Un retraité comparaissait ce lundi pour résistance à l’autorité publique et menaces dangereuses. Des faits qui se multiplient.

«Je reconnais l’autorité de ce tribunal», a finalement déclaré Alfred S. L’ancien membre du mouvement anti-Etat One People’s Public Trust (OPPT) a reconnu avoir menacé de nombreux fonctionnaires pour échapper à des poursuites judiciaires. Son repentir lui a évité la prison; il restera douze mois en probation. Le cas de ce retraité n’est pas isolé: les organisations anti-Etat, qui nient la légitimité des lois, sont un casse-tête pour les autorités.

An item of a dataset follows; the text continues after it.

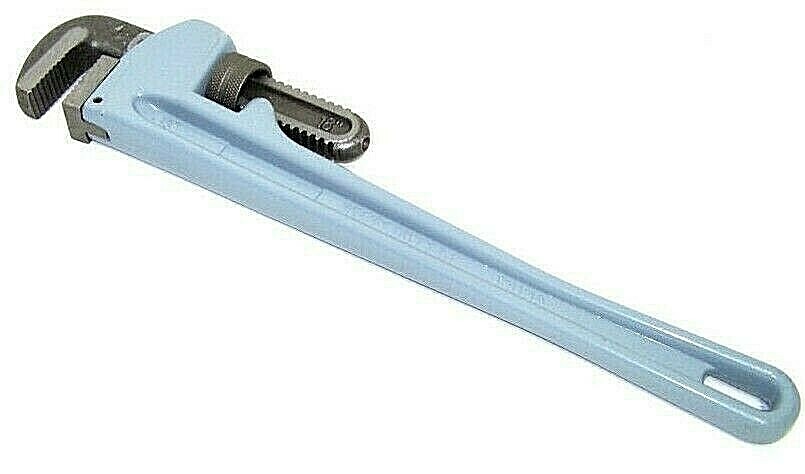 18"  PIPE WRENCH ADJUSTABLE HAND TOOLS PW-18 ALUMINUM TYPE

Chaque mois, jusqu’à 150 citoyens déclarent «résilier» leur appartenance à l’Etat autrichien et 20 000 autres seraient susceptibles de leur emboîter le pas, selon les estimations officielles. Le Ministère de l’intérieur a décidé de sévir, espérant un effet dissuasif, avec trois arrestations en janvier. Un amendement est également en préparation, pour pénaliser ce nouveau genre de forfait.

«Terrorisme de papier»

Le ministre de l’Intérieur, le conservateur Wolfgang Sobotka, y voyait récemment un «terrorisme du papier». Les renégats de l’Etat, qui refusent de payer impôts et amendes, ensevelissent en effet les administrations sous leurs missives, simplement farfelues ou carrément inquiétantes. Ainsi, Alfred S. a multiplié les lettres menaçant les agents de l’Etat de leur imputer des dettes, imaginaires, de plusieurs milliers d’euros. Dans des cas similaires, de malheureux «débiteurs» se sont réellement retrouvés assignés à payer par des tribunaux, grâce à une astuce juridique.

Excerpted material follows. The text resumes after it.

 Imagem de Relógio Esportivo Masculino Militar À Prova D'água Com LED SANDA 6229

Ce procédé, impliquant un registre de dettes américain (UCC), est prôné par des organisations anti-Etat comme un mode de représailles contre les élites financières et politiques, accusées des pires complots à l’échelle mondiale. Proches des sectes, ces structures recrutent en jouant d’arguments hétéroclites, de l’ésotérisme au pangermanisme antisémite. Elles surfent sur le succès des idées antisystème, qu’elles poussent à l’extrême. Après l’OPPT ont émergé ces dernières années en Autriche des versions locales. Ainsi, le «Staatenbund» a essaimé dans tout le pays depuis sa création en 2015, en réaction à l’ouverture temporaire des frontières aux réfugiés.

Nostalgiques du Reich

Lors d’une réunion à Vienne la semaine dernière, quelque 70 enthousiastes en applaudissaient la cheffe de file. Pour échapper aux traîtrises de l’«entreprise Autriche», accusée de spolier ses «esclaves» de millions d’euros, Monika Unger propose, pour la modique somme initiale de 10 euros, un refuge dans le nouvel Etat proclamé par elle, la «Confédération».

Sa devise: «Amour, Vérité, Clarté.» En réalité, les discours de la soirée révélaient plutôt: nostalgie du Reich, agressivité, appel à l’action. Et si le délire tournait à la violence? Jusqu’ici, aucun acte grave n’est à déplorer en Autriche. Mais, en octobre, un policier est décédé en Allemagne suite à un raid au domicile d’un militant anti-Etat d’une mouvance similaire, les Citoyens du Reich.